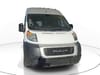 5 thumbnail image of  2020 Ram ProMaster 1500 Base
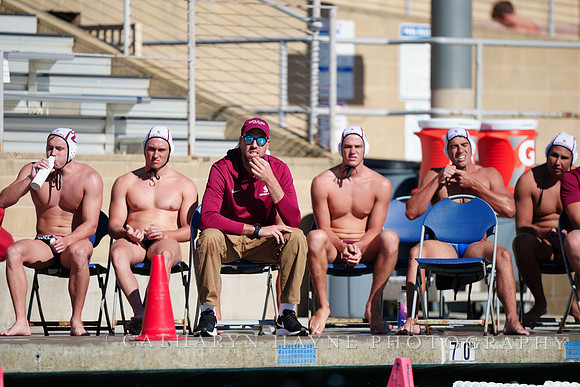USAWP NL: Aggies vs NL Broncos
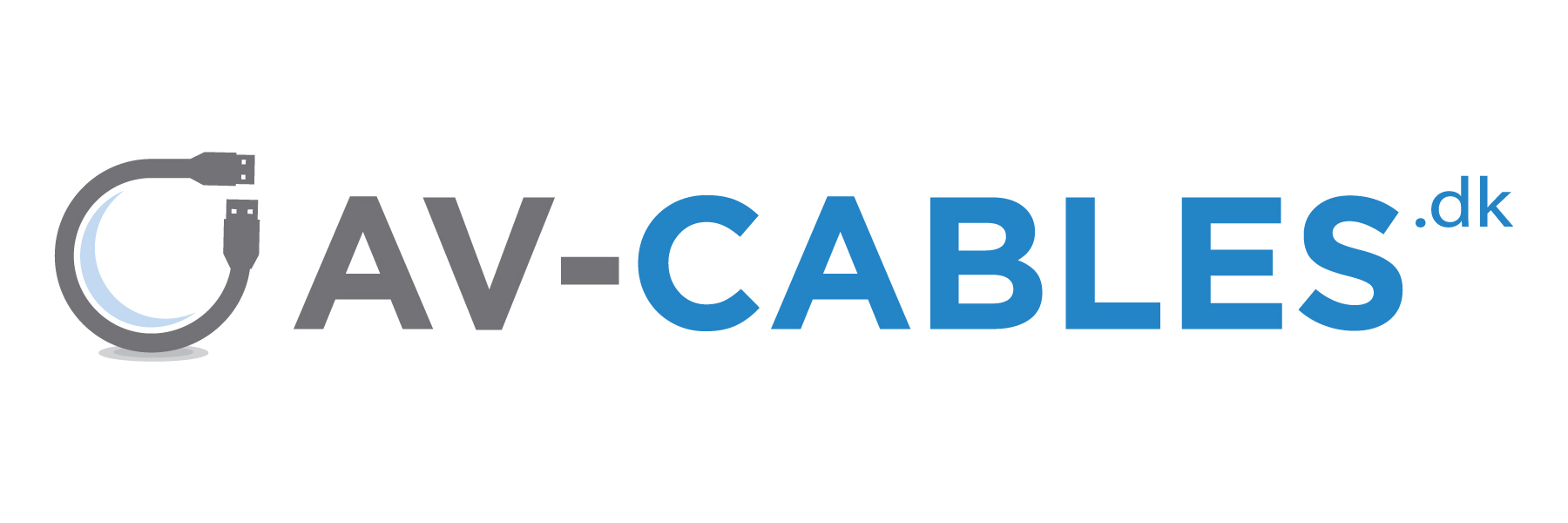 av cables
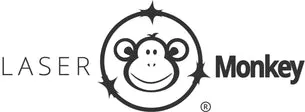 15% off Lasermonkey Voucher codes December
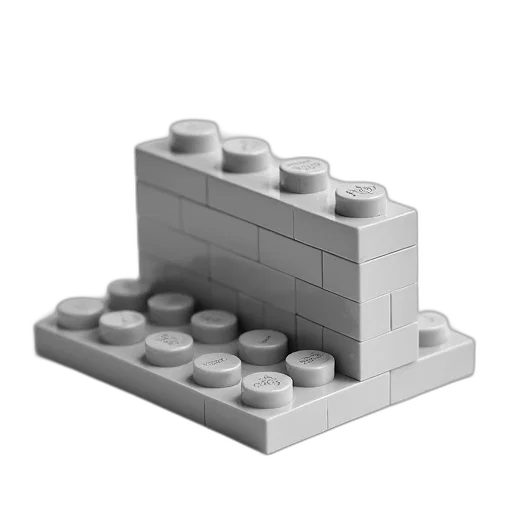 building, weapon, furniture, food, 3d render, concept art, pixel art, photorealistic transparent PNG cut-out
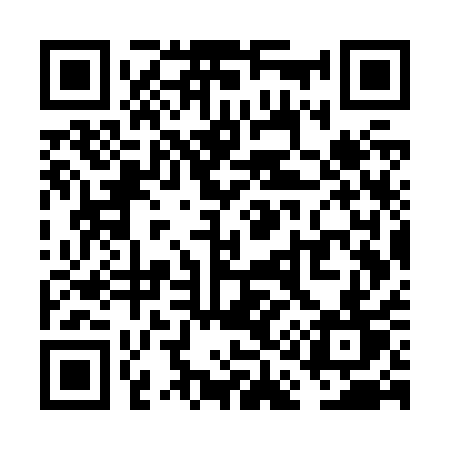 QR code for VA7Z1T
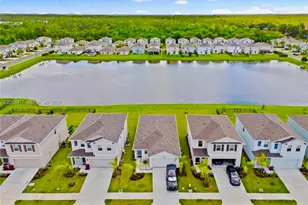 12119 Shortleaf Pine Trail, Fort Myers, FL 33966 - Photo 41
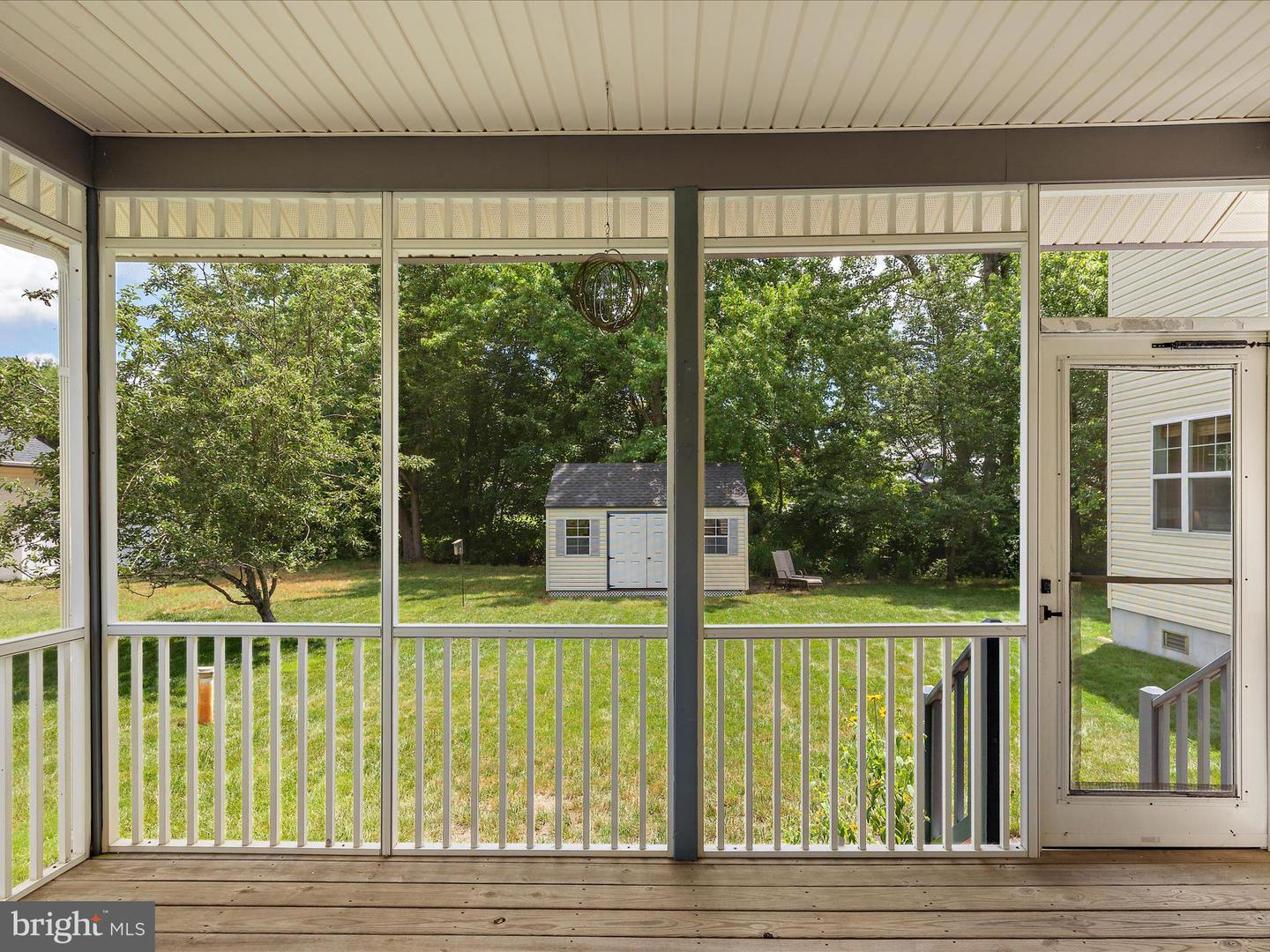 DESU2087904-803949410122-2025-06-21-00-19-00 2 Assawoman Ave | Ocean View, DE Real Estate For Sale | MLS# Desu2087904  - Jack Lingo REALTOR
==
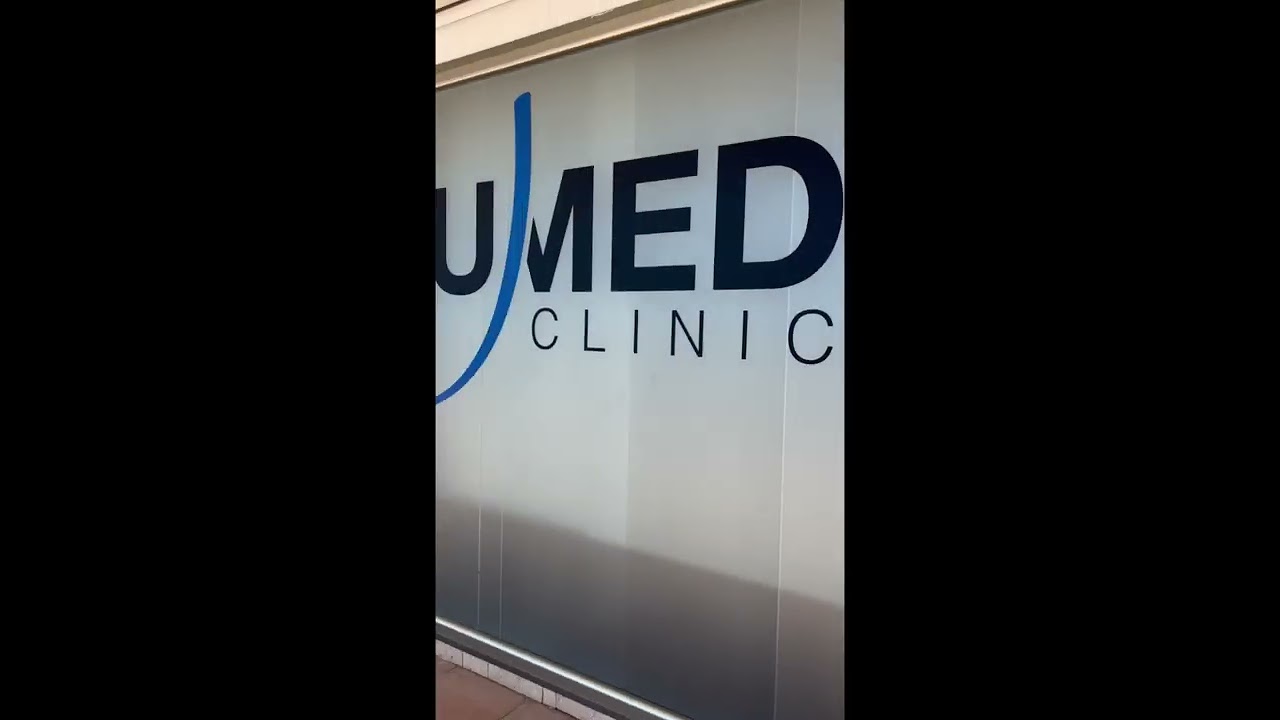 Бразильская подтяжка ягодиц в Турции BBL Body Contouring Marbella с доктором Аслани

▸ **Exercise prompt**
Please copy out from the data above, without any picture, exactly the lines running from the one that holds "QR code for VA7Z1T" through the one that holds "DESU2087904-803949410122-2025-06-21-00-19-00 2 Assawoman", and nothing beyond them.

▸ **Answer to this exercise**
 QR code for VA7Z1T
 12119 Shortleaf Pine Trail, Fort Myers, FL 33966 - Photo 41
 DESU2087904-803949410122-2025-06-21-00-19-00 2 Assawoman Ave | Ocean View, DE Real Estate For Sale | MLS# Desu2087904  - Jack Lingo REALTOR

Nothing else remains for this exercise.